■ **Assigned task**
Copy each entry verbatim, excluding its images.
*** Extracted material ***
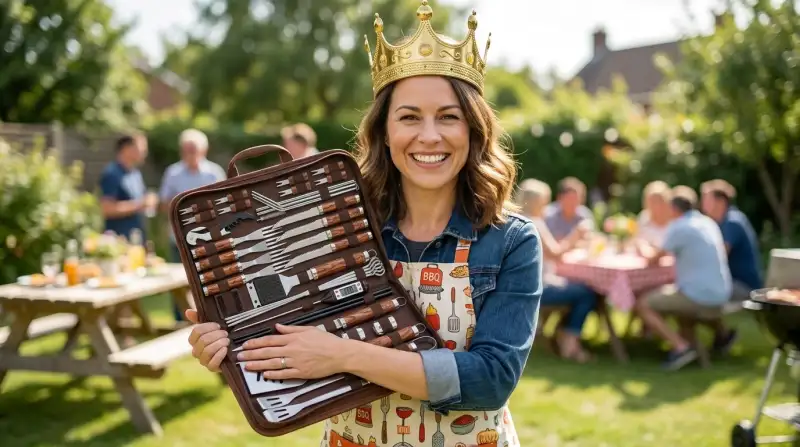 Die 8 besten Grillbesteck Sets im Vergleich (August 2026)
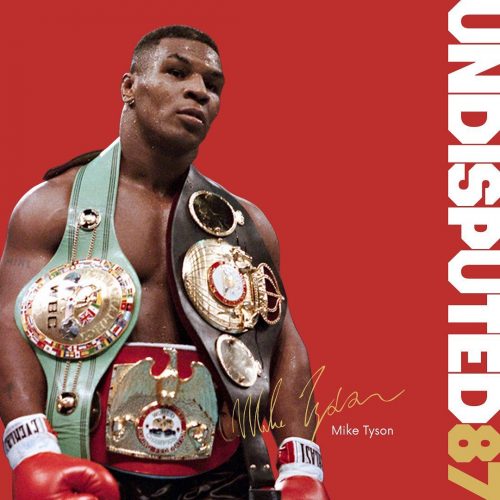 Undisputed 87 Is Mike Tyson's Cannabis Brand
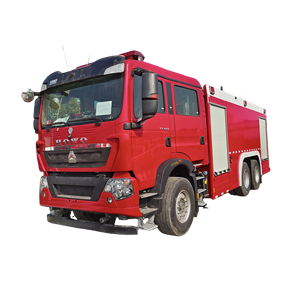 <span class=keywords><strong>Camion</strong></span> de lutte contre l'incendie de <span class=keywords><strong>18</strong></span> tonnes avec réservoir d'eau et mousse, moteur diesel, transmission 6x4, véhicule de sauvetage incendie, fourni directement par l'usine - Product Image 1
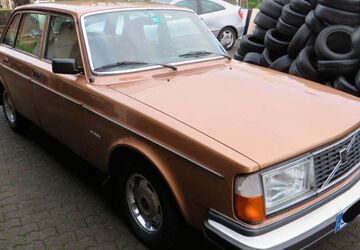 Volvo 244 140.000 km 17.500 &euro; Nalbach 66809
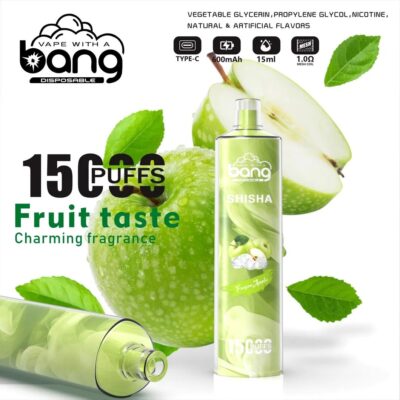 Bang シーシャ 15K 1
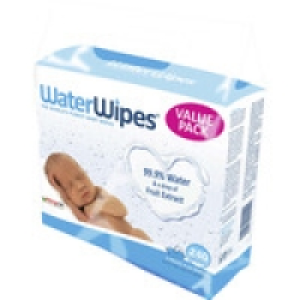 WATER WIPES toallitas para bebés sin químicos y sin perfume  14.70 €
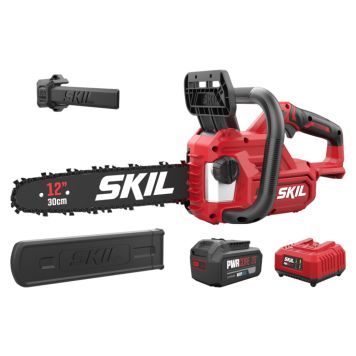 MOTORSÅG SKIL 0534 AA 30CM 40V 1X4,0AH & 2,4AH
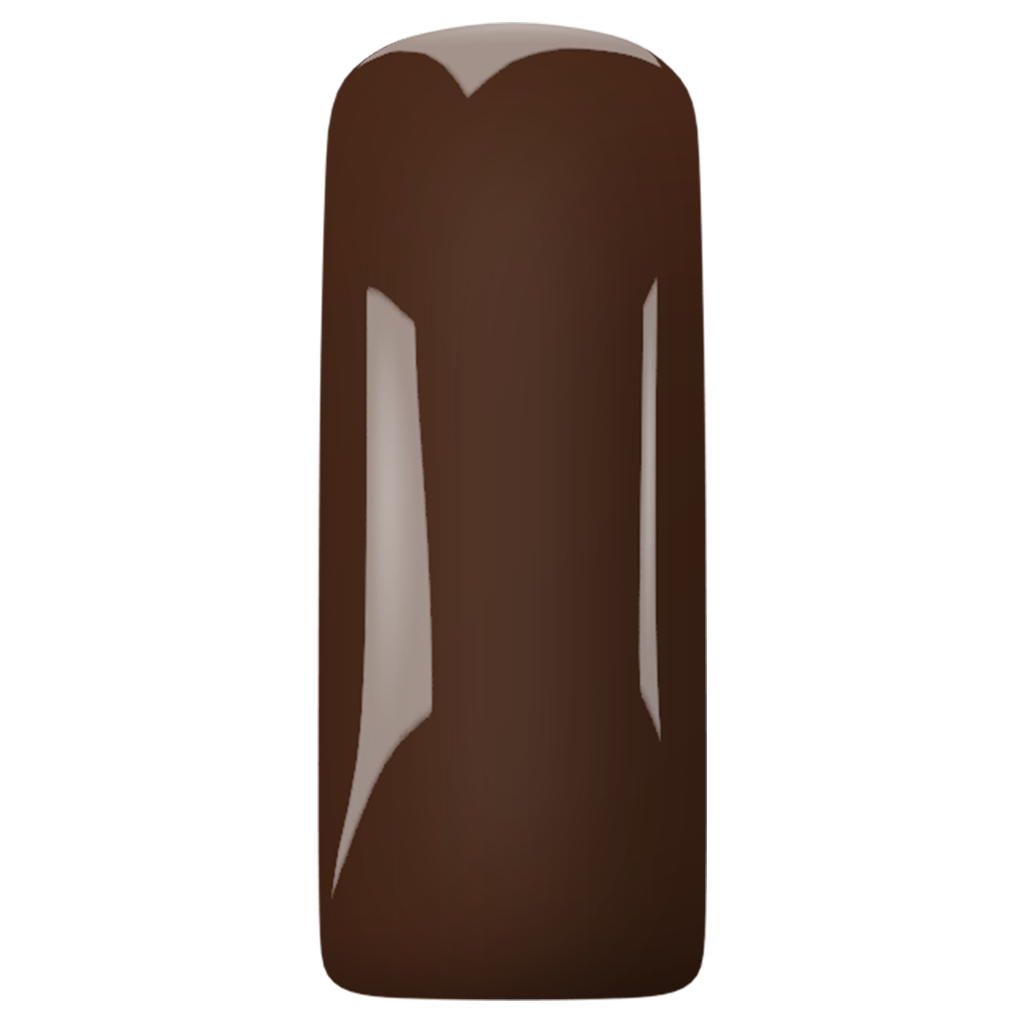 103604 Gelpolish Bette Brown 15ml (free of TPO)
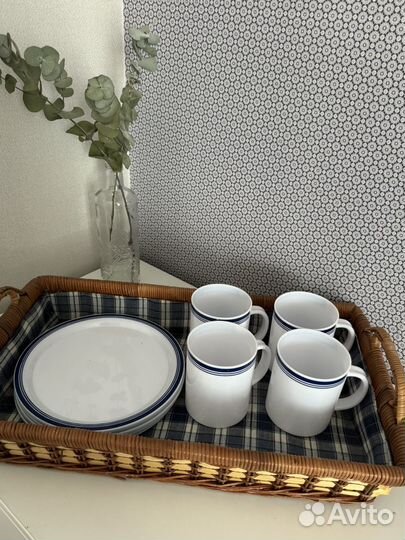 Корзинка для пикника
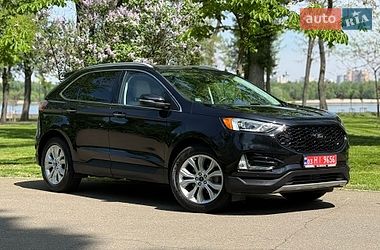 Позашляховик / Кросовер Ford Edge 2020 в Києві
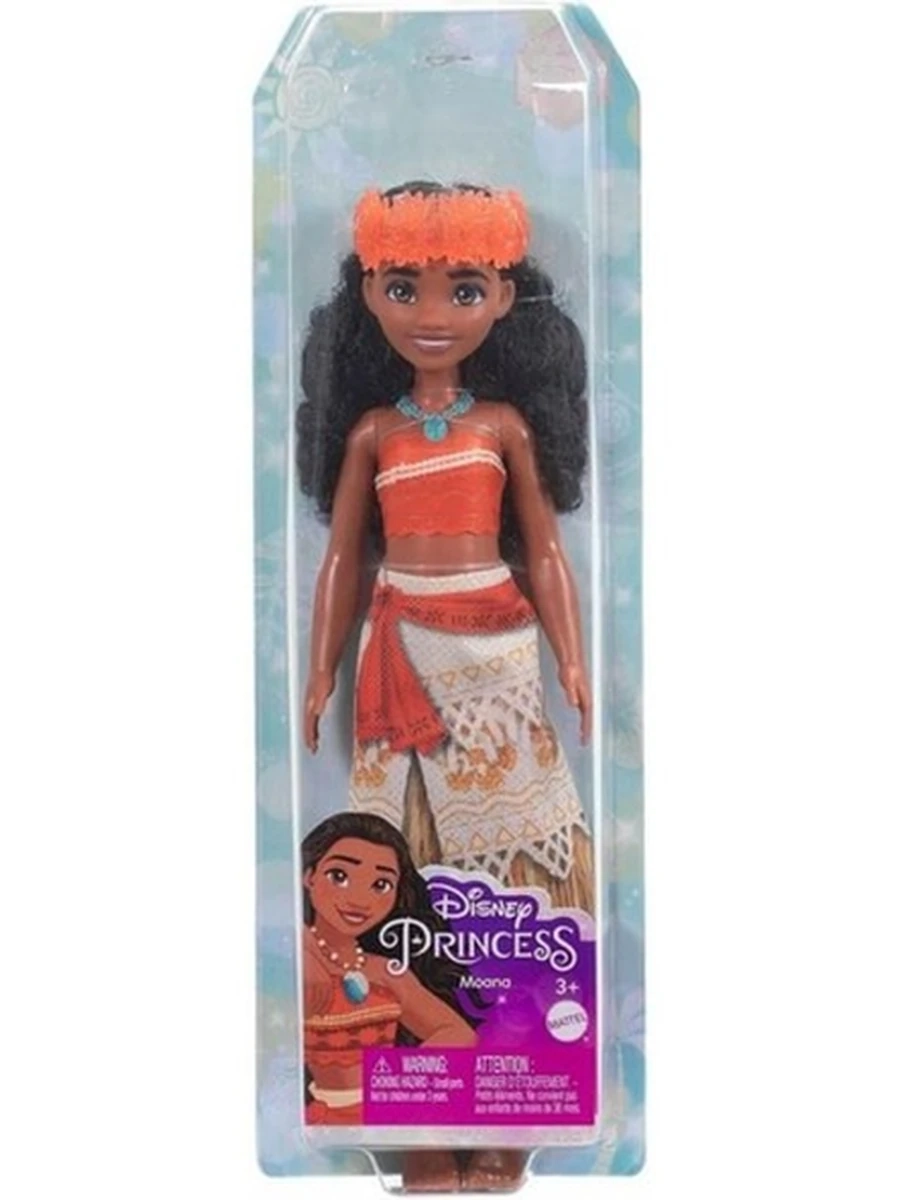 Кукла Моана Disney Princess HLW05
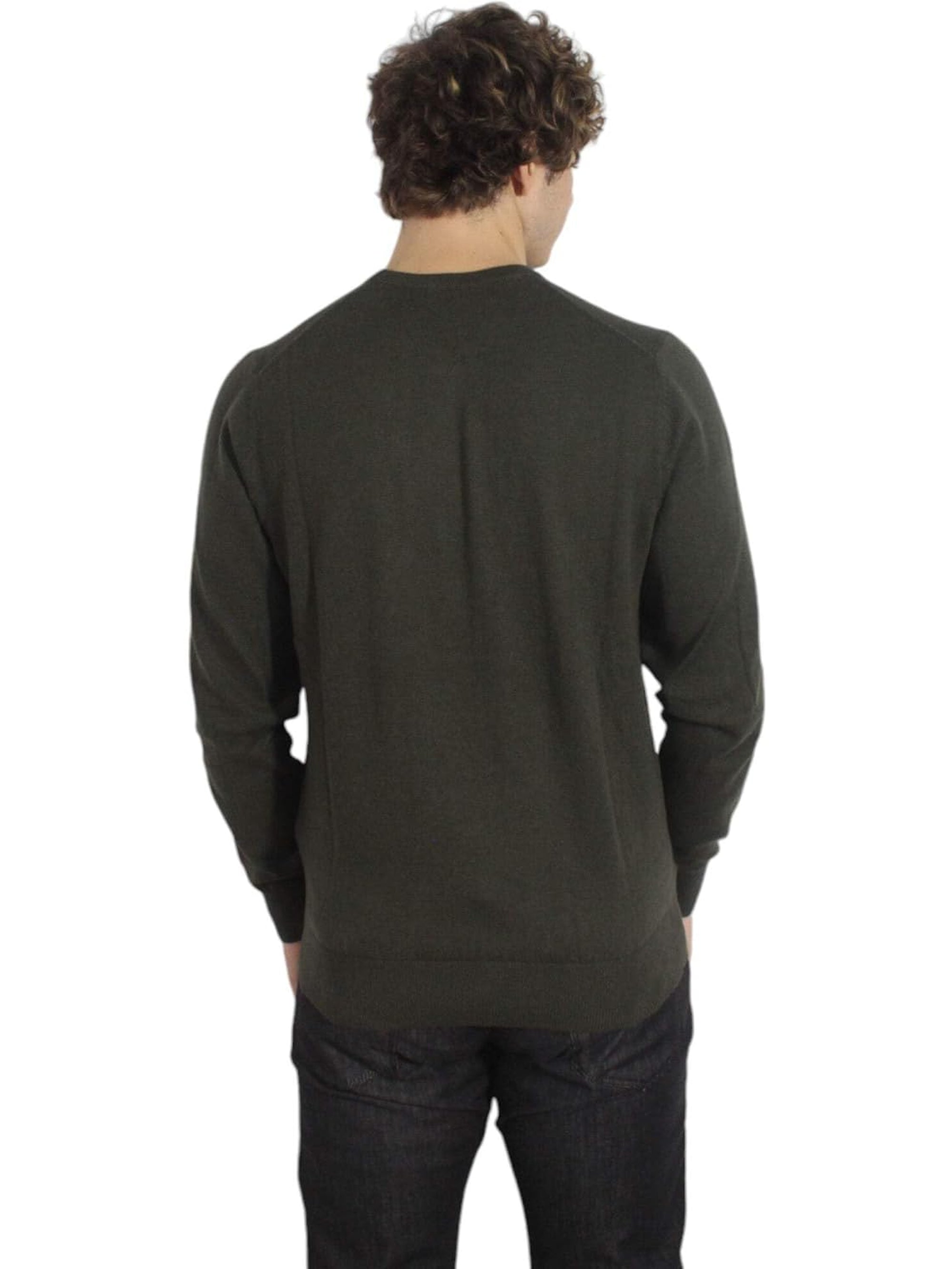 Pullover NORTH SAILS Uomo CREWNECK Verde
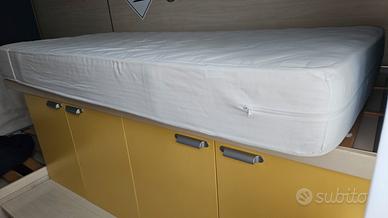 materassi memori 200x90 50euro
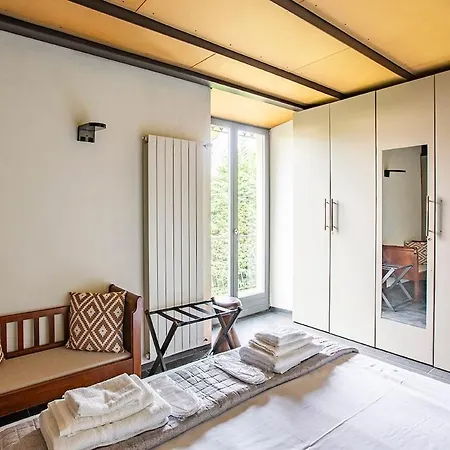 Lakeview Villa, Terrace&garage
*** End of Extracted material ***
■ **Response area**
 Die 8 besten Grillbesteck Sets im Vergleich (August 2026)
 Undisputed 87 Is Mike Tyson's Cannabis Brand
 <span class=keywords><strong>Camion</strong></span> de lutte contre l'incendie de <span class=keywords><strong>18</strong></span> tonnes avec réservoir d'eau et mousse, moteur diesel, transmission 6x4, véhicule de sauvetage incendie, fourni directement par l'usine - Product Image 1
 Volvo 244 140.000 km 17.500 &euro; Nalbach 66809
 Bang シーシャ 15K 1
 WATER WIPES toallitas para bebés sin químicos y sin perfume  14.70 €
 MOTORSÅG SKIL 0534 AA 30CM 40V 1X4,0AH & 2,4AH
 103604 Gelpolish Bette Brown 15ml (free of TPO)
 Корзинка для пикника
 Позашляховик / Кросовер Ford Edge 2020 в Києві
 Кукла Моана Disney Princess HLW05
 Pullover NORTH SAILS Uomo CREWNECK Verde
 materassi memori 200x90 50euro
 Lakeview Villa, Terrace&garage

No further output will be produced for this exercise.